1 Million tri Interactive Realtime.

Hello, 1 Million tri interactive 3D realtime auto for touchscreen displays. With a touch you can interact with the Auto and its movable parts.
We have plans for more interactive elements, such as highlighted stats and other auto information when auto is touched.

I may edgeloop reduce the detail and make it lower poly…but I just wanted to see how a hi-poly would perform. Of course its super fast on all my newer Macs, it slows down on single core systems with standard video cards.

3DK On-Line Alpha Demo:

http://www.interactivemagicworks.com/3DKautodemo.php

Let me know how a million works on your system!

Starr

My main problem is the download time. It would be super-cool if Unity could apply subdiv to meshes (and redistribute bone weights and UVs appropriately) to reduce mesh sizes…

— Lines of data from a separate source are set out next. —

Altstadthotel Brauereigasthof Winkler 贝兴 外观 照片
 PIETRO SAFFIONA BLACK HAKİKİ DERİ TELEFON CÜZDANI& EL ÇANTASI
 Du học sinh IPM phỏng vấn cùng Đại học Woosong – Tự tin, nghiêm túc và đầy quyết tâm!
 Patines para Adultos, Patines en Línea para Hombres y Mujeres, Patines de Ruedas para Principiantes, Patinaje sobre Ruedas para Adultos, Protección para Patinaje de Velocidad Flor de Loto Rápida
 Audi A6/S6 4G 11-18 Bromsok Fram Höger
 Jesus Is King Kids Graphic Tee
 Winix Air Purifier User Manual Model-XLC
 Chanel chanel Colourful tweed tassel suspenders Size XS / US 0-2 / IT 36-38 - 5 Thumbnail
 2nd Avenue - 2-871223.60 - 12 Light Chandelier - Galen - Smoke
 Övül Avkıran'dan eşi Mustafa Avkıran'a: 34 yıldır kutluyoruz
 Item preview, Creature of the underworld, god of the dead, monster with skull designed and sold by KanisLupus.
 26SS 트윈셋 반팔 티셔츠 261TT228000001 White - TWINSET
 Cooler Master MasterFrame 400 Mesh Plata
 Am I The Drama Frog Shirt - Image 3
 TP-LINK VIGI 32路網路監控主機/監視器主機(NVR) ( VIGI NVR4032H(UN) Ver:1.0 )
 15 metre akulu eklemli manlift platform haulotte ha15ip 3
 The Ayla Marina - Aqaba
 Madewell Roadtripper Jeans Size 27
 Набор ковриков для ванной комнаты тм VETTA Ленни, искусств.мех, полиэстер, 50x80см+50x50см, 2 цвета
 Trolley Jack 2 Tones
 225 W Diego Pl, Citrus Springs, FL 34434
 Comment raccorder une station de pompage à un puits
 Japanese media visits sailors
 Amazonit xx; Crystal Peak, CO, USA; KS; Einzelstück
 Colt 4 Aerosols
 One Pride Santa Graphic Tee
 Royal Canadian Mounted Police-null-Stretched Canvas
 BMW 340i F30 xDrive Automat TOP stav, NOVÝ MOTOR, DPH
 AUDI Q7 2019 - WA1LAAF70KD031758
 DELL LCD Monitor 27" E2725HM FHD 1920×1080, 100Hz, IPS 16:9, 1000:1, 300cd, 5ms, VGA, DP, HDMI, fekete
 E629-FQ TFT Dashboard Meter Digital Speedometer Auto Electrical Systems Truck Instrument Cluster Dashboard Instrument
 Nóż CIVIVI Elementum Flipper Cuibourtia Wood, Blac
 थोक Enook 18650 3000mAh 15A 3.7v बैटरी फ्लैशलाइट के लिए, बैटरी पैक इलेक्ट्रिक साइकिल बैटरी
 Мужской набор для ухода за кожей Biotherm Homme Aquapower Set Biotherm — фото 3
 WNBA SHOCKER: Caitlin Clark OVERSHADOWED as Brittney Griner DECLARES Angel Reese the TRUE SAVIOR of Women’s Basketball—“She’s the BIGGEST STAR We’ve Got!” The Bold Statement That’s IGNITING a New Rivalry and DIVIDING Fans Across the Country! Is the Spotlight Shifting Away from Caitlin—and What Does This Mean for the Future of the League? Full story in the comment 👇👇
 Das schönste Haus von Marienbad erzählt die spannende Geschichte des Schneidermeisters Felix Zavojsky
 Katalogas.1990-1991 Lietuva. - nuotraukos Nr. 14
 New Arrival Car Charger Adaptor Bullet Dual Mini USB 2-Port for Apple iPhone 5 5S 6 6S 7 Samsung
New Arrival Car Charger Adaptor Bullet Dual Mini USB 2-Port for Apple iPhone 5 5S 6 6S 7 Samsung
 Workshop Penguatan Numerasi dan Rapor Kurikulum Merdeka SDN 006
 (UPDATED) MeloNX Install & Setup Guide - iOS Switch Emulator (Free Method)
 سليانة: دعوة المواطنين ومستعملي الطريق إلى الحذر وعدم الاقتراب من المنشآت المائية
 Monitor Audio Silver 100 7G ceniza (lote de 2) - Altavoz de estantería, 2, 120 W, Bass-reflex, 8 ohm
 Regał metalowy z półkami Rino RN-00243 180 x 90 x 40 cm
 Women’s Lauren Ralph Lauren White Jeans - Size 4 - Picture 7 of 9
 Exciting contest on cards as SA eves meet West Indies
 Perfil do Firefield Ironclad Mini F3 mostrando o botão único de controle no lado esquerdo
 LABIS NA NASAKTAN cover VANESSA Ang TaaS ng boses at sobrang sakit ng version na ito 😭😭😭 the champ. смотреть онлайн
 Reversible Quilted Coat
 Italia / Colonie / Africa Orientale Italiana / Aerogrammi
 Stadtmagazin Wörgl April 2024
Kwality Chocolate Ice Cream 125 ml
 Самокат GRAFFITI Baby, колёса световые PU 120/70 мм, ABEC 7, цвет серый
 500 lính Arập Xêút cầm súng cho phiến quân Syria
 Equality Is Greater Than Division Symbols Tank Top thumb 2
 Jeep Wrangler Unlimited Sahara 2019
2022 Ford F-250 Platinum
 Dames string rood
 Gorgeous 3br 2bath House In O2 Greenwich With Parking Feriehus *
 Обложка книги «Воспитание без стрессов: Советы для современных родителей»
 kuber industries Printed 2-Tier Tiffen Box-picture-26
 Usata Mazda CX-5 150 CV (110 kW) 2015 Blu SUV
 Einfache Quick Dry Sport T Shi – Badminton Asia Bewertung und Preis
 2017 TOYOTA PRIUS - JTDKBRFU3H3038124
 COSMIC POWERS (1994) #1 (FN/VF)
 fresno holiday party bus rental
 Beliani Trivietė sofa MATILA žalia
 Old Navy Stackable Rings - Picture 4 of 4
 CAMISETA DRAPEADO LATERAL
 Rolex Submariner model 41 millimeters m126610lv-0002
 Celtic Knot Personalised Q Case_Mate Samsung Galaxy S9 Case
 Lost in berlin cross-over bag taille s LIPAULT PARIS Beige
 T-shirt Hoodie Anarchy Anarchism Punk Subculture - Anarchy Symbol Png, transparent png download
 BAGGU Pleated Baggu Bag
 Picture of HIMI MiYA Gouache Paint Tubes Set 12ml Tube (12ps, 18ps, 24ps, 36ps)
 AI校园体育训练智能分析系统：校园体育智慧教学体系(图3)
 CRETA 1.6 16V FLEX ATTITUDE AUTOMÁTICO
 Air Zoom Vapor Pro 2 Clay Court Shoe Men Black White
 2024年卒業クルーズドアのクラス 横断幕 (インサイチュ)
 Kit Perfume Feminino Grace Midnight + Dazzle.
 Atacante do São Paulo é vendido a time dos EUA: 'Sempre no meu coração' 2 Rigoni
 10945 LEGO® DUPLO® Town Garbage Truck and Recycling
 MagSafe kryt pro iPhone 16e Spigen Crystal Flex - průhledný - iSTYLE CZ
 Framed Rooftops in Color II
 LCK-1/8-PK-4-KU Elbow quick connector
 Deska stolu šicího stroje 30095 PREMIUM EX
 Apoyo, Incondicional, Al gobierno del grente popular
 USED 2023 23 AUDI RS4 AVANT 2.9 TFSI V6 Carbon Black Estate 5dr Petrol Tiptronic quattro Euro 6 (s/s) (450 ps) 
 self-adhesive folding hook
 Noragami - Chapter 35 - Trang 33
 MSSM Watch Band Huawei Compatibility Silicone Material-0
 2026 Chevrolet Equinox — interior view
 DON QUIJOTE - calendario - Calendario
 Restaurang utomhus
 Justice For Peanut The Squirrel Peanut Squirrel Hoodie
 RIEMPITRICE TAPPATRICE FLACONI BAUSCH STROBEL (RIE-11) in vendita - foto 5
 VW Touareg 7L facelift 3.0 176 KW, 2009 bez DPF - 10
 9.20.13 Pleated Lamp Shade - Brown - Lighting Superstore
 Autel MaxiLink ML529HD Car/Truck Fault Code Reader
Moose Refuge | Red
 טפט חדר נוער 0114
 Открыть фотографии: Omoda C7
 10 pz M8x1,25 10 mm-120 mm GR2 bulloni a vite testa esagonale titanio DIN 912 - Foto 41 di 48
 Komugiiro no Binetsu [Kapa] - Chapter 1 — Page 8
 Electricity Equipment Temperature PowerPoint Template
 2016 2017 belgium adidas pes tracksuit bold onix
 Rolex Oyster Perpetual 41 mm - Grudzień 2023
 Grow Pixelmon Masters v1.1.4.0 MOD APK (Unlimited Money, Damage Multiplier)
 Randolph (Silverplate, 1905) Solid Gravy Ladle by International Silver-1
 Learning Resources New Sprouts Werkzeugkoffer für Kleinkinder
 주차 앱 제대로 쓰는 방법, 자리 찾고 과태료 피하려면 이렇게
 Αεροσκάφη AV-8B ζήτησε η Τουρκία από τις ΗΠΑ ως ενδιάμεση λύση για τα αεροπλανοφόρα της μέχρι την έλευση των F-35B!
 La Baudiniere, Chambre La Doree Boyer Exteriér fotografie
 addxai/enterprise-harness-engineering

It’s also kind of sluggish and unresponsive for me. I’m not using the very latest stuff, but I have a Radeon 3870 and a quad core Mac Pro.

It runs fine on my machine, the only problem I see is that the joints are a tad flimsy. I can pull them well past where it looks like they should stop, and even pull them off the main body.

Hi, Thanks for the response. Hummm we have tested on
a 2.4 iMac with Intel Core 2 Duo 128m video
a Mac Pro Laptop with 2.8 Core 2 Duo with 512m video,
a Mac Pro 8Core with 256m Video Card.
A PC 1.7 AMD64 with Radeon xPress 200m 128m
A PC amd athlon64 2ghz, 2gb ram, geforce 6600

With fast interaction. PC was abit slower.

Here are the player stats:
(A little less than a million after I took out the front light halos.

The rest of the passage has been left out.